One thing I noticed some years ago about some of those flows is that the marks they leave are not flat, they appear higher than the rest of the slope, another reason why some scientists think it's sand.

Whatever it is, it doesn't come from the top layer of the soil, it comes from some metres beneath the surface. Unfortunately I don't think that those layers photographed by Curiosity are deep enough to be as old as those that, apparently, produce those flows, we could kill two birds with one stone if they were and if they get that area analysed carefully.

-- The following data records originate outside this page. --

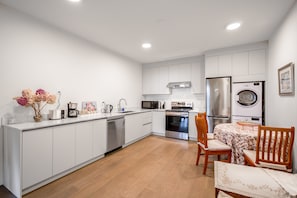 Micro-ondes, four, plaque de cuisson, lave-vaisselle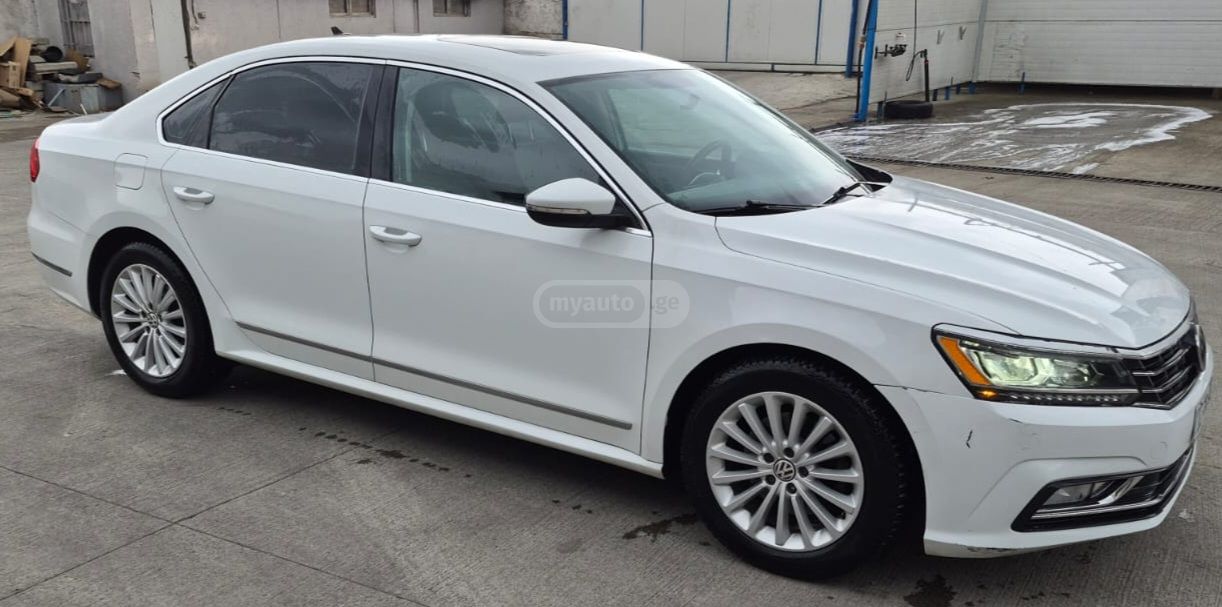 Volkswagen Passat - фото 2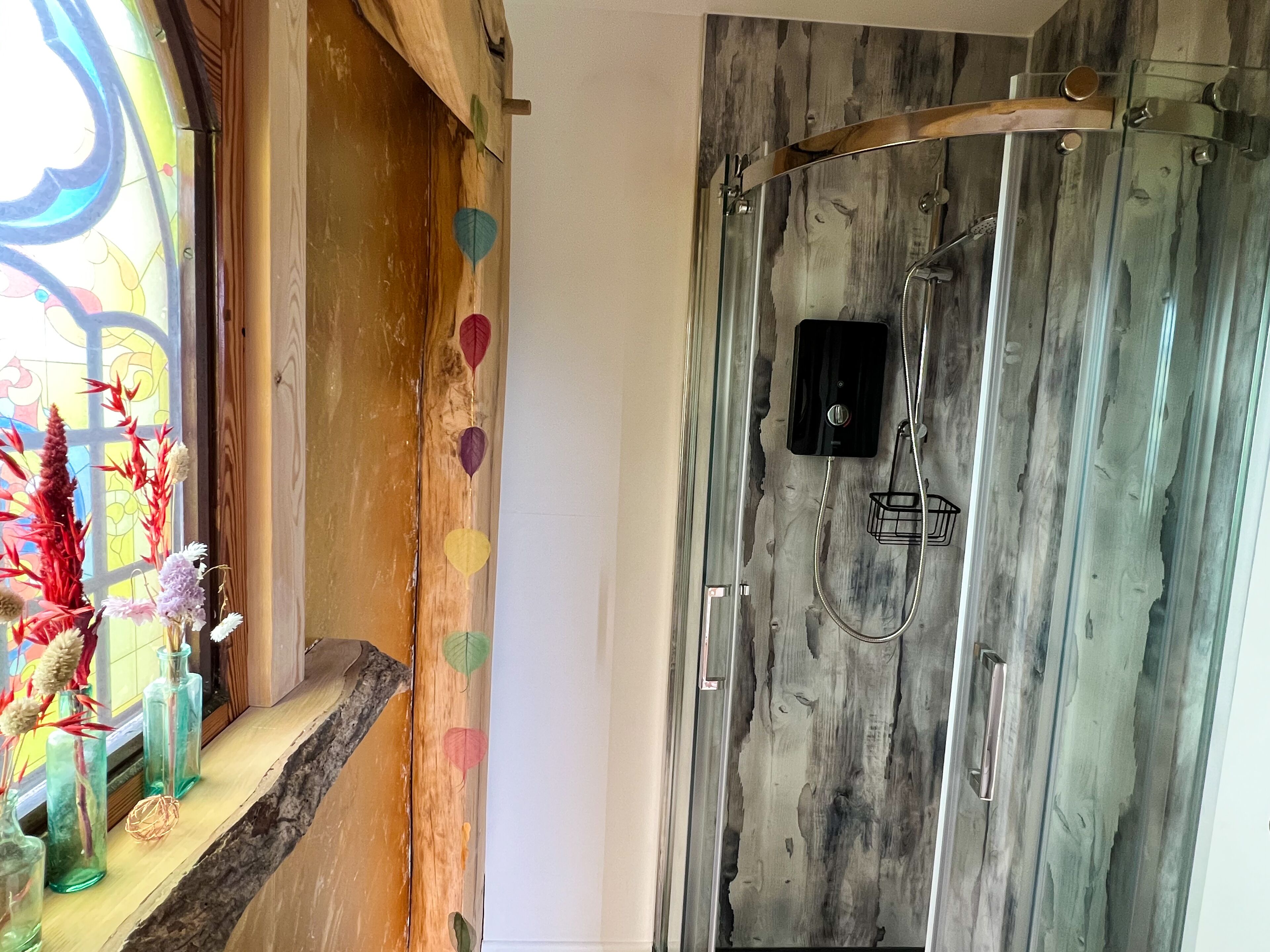 Cabin | Bathroom | Shower, towels, toilet paper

To my eye (and ear, as I can hear the water gushing down the slope from afar, whoosh, whoooosh) or my pure imagination, as the good Mr. Wonka would say, the water has carved these channels into the sand through many large flows. Disregarding the length of the gif's flow for the moment, look at the massive amount of channels have been cut into the sand down the entire length of the photograph. So a very large volume of whatever it is comes out when it comes out.

So maybe what we are seeing is a very large amount of water flowing, enough to rise higher than the channel they are in. I'm going to have to look at it again and come back to finish this post.

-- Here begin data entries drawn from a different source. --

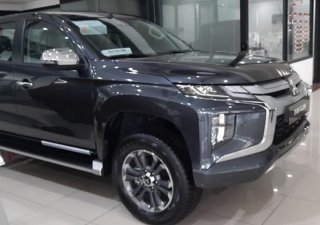 Mitsubishi Triton 2022 - Xả kho Triton GLX màu Xám 2022 tặng full phụ kiện chính hãng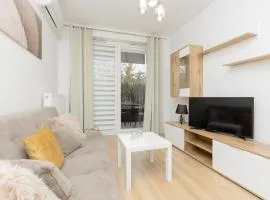 Apartment with AC Warsaw Mokotów Business Centre by Noclegi Renters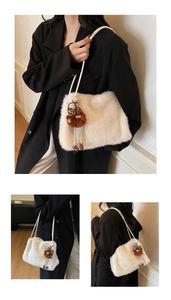 Sac à épaule en fausse fourrure blanche avec charm nœud léopard sur un mannequin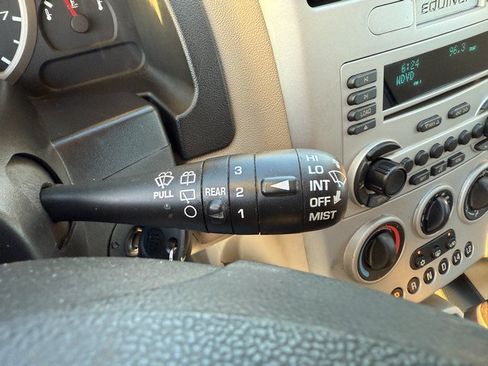 Used 2005 Chevrolet Equinox LT w/ Preferred Equipment Group AWD/4WD image 32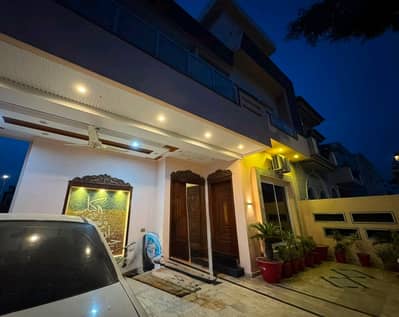 Affordable & Prime Location 10 Marla House Available For Sale
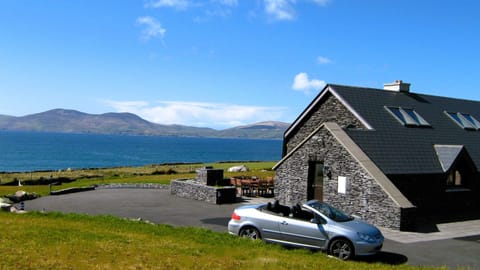 External view of side of property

EDIT: Back again, have looked at it over and over for about ten minutes or more during the time I've been gone. To me teeny eye it seems that this is likely a natural phenomena occurring that far underneath the mars (as compared to "underneath the earth") under most of it, at least in the area where these photos were taken. Because look, it's all emerging very far beneath the surface, as this is the face of a crater or cave in. And depending on the duration of this sequence, I have no idea how long it portrays, it could be anything from a slow sand flow to a raging emergence of water.

Questions. Why would whatever it is, water or sand, start coming out of so many areas at the same time. Is it that the sun is heating the channel of whatever - in that case it has to be frozen water - so much that a huge amount of it starts to flow from almost everywhere along the length of the crater face at just about the same time. And as oftheuniverse says, in one, or in many areas (seeing it as in many) the flow leaves a shadow which does not then make a channel in the sand. The original plume does, not the shadow, as can be seen from the channel marks already made into the side of the crater from previous flows.

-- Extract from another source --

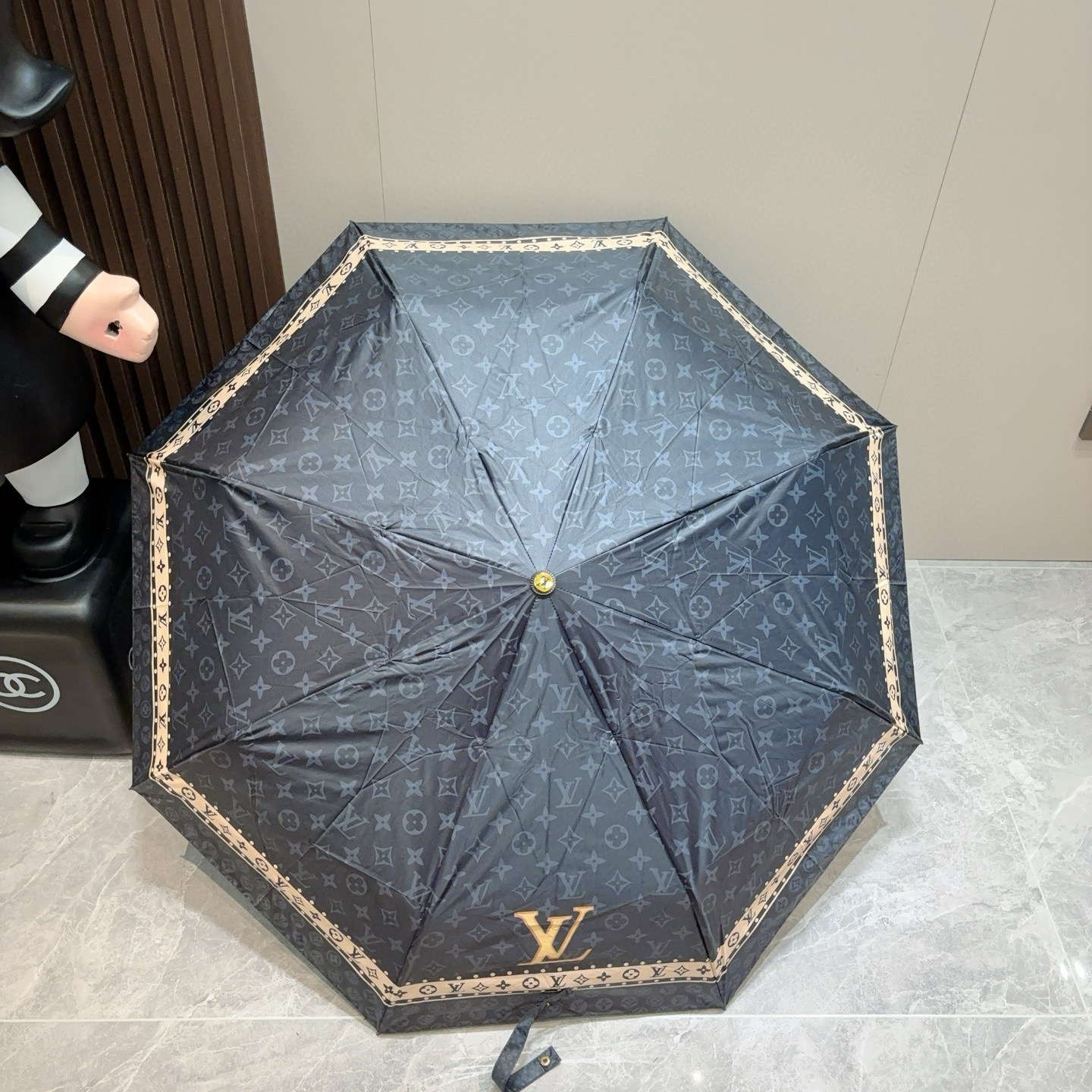  LOUIS VUITTON （路易威登）三折自动折叠晴雨伞 新涂层技术深色伞面 拥有令人惊喜的遮光效果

The main argument I can see for it being sand is that there seems to be a darker pile-up under the stuff, in the area where lots of it would fall, which looks like sand. But maybe it's just sand which has been washed out and down by brine water flow. Or maybe it's chocolate, from Wonka's factory, flowing like liquid licorice down the big rock candy mountain.


edit on 5-2-2014 by Aleister because: (no reason given)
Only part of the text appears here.